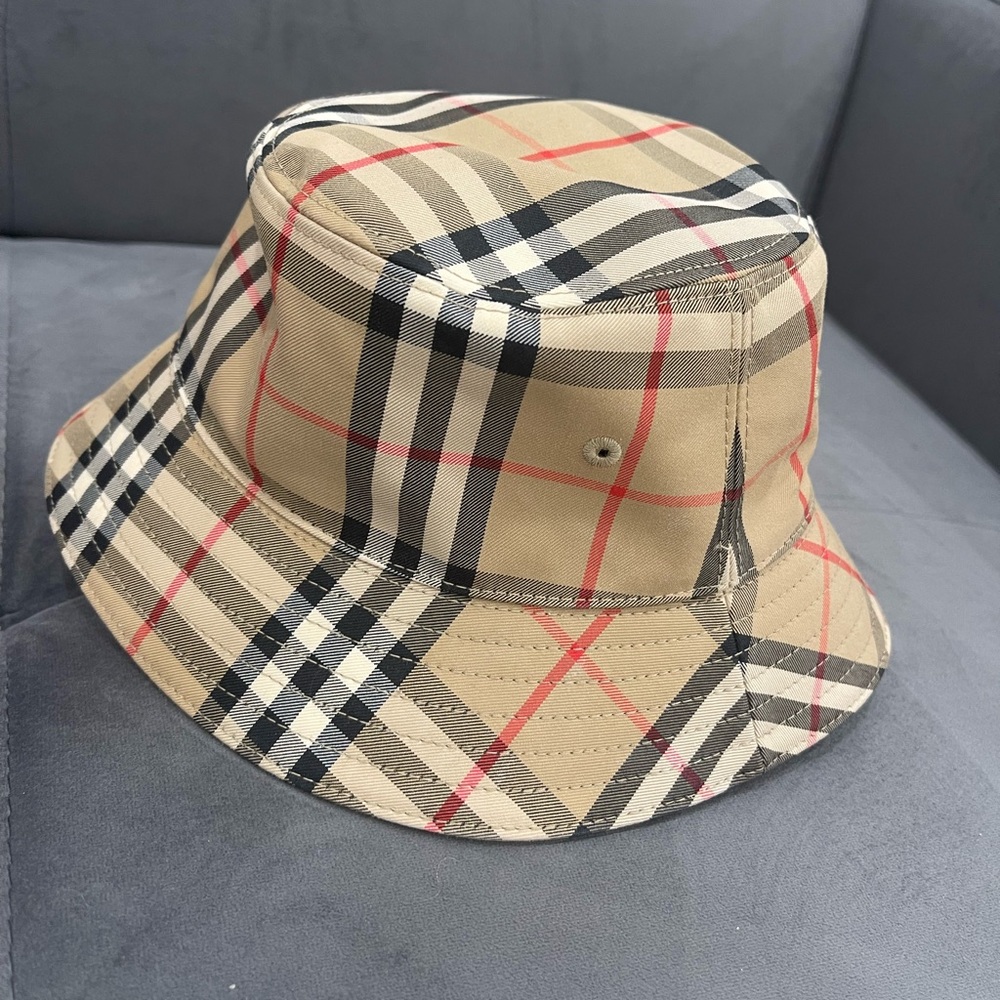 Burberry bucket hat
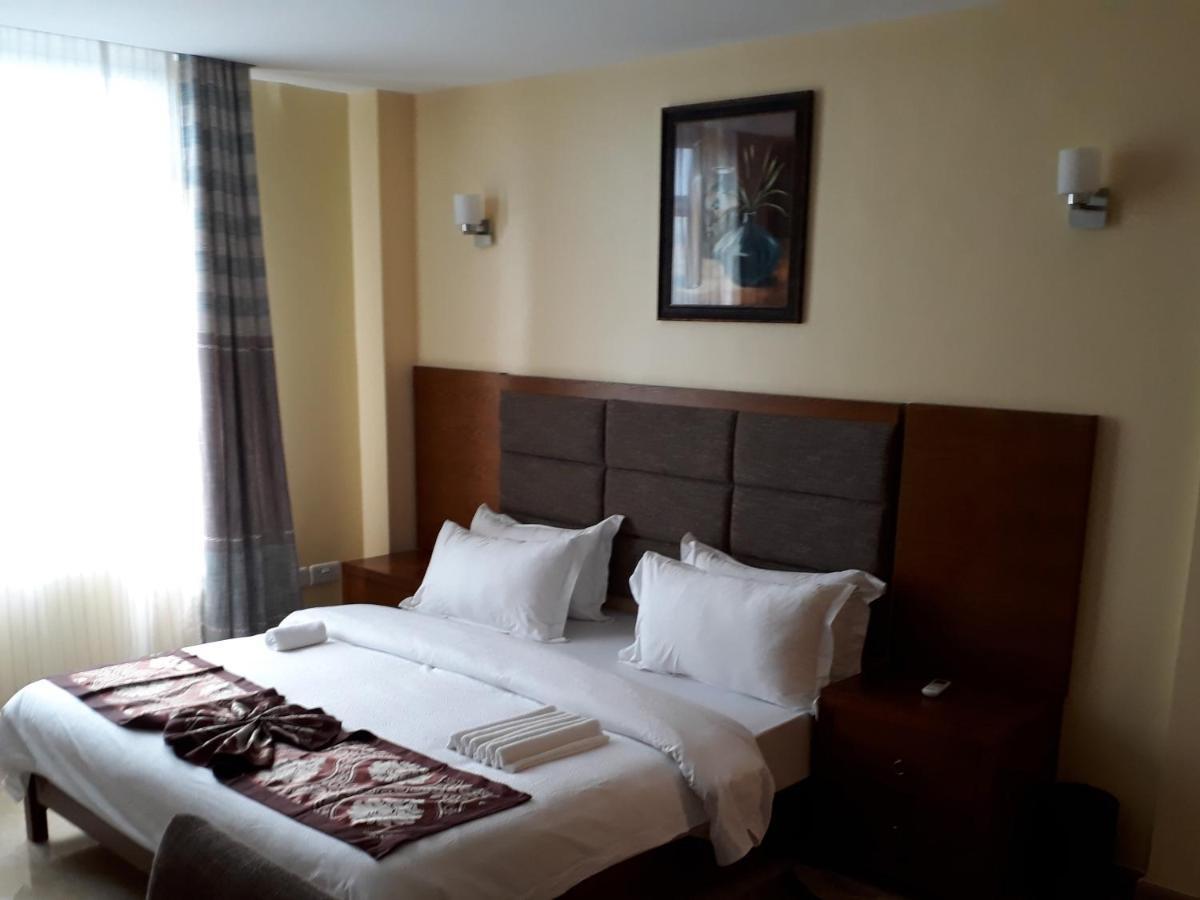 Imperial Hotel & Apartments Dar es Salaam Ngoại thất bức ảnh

...

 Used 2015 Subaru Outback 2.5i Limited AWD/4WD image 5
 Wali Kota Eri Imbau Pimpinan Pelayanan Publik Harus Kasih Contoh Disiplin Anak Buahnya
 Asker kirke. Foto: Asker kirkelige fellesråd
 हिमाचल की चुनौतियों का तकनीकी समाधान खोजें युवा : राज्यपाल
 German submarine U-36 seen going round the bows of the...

--

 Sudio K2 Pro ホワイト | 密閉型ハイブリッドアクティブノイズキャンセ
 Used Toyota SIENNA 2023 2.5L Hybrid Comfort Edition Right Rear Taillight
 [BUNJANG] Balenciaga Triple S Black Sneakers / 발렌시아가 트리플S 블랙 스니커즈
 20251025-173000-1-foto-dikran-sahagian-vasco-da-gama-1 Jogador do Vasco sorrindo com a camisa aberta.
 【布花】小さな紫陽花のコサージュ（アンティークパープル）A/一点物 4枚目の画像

> [Work to be completed] Reproduce verbatim the lines above, from the line with "Wali Kota Eri" through the line with "German submarine U-36".

> [Response to this task]
 Wali Kota Eri Imbau Pimpinan Pelayanan Publik Harus Kasih Contoh Disiplin Anak Buahnya
 Asker kirke. Foto: Asker kirkelige fellesråd
 हिमाचल की चुनौतियों का तकनीकी समाधान खोजें युवा : राज्यपाल
 German submarine U-36 seen going round the bows of the...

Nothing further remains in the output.